Problem details - Please copy, exactly and with no pictures, only the lines from the one containing "WA1ANAFY9J2086918 2018 AUDI Q5" through the last line of the records.

Entries supplied -
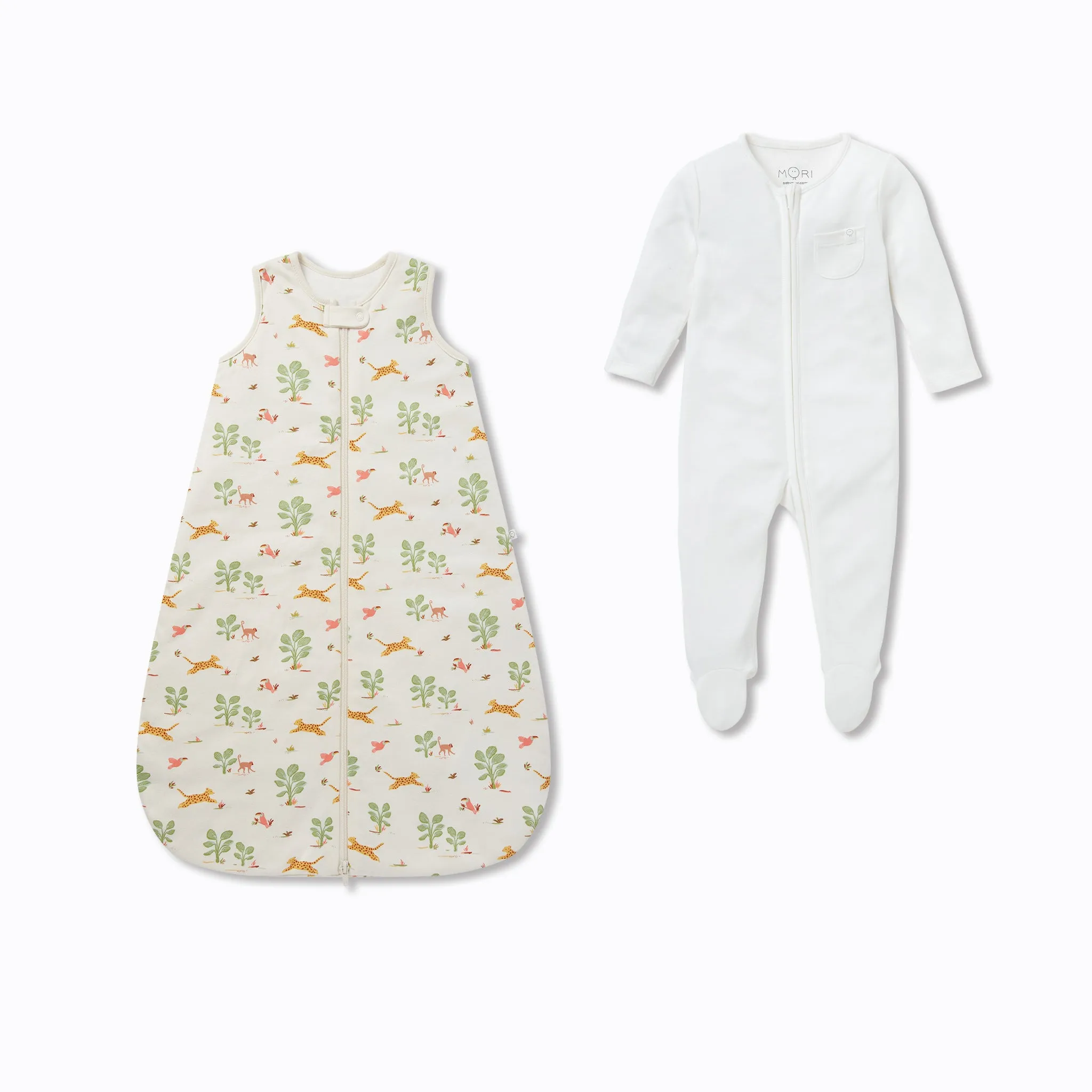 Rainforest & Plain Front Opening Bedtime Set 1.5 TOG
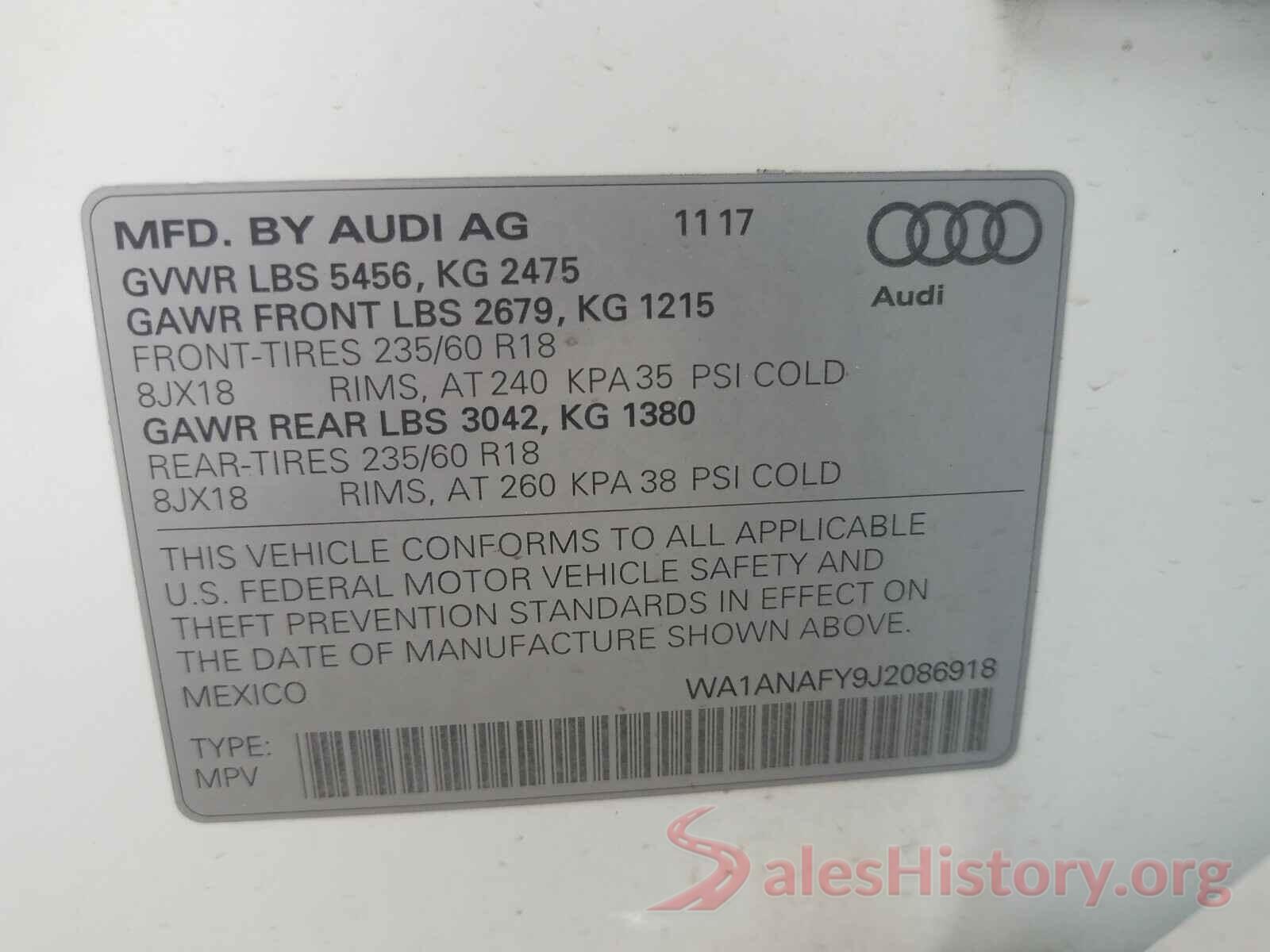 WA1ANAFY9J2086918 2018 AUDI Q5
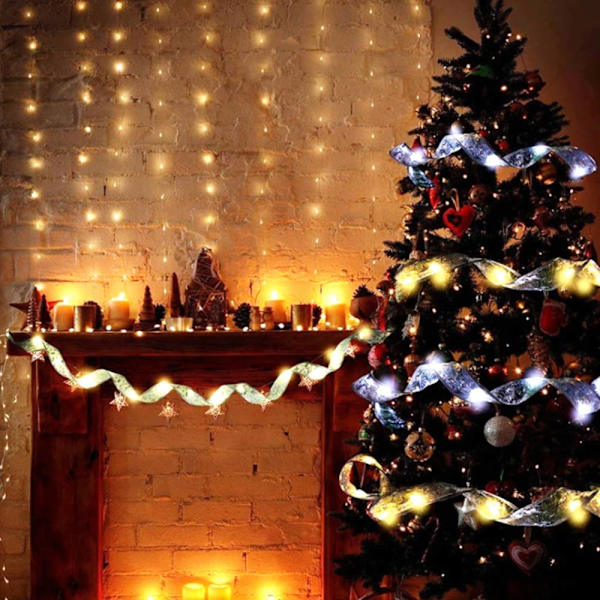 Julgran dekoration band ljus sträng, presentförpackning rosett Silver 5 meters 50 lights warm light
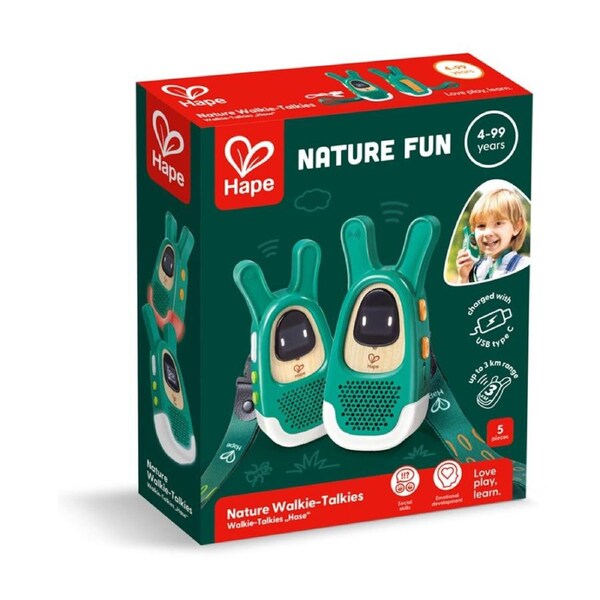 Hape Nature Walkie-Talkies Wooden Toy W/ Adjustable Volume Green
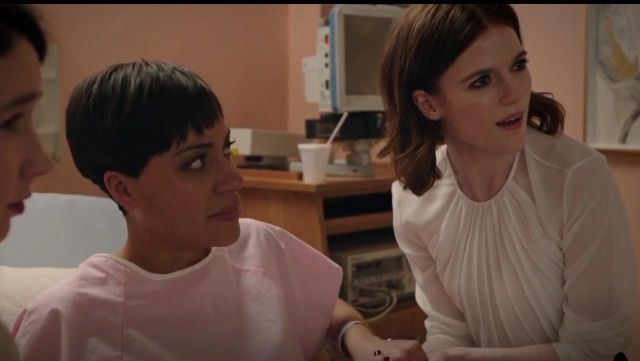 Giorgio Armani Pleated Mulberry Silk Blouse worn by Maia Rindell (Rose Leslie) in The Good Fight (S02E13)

Result of the exercise -
 WA1ANAFY9J2086918 2018 AUDI Q5
 Julgran dekoration band ljus sträng, presentförpackning rosett Silver 5 meters 50 lights warm light
 Hape Nature Walkie-Talkies Wooden Toy W/ Adjustable Volume Green
 Giorgio Armani Pleated Mulberry Silk Blouse worn by Maia Rindell (Rose Leslie) in The Good Fight (S02E13)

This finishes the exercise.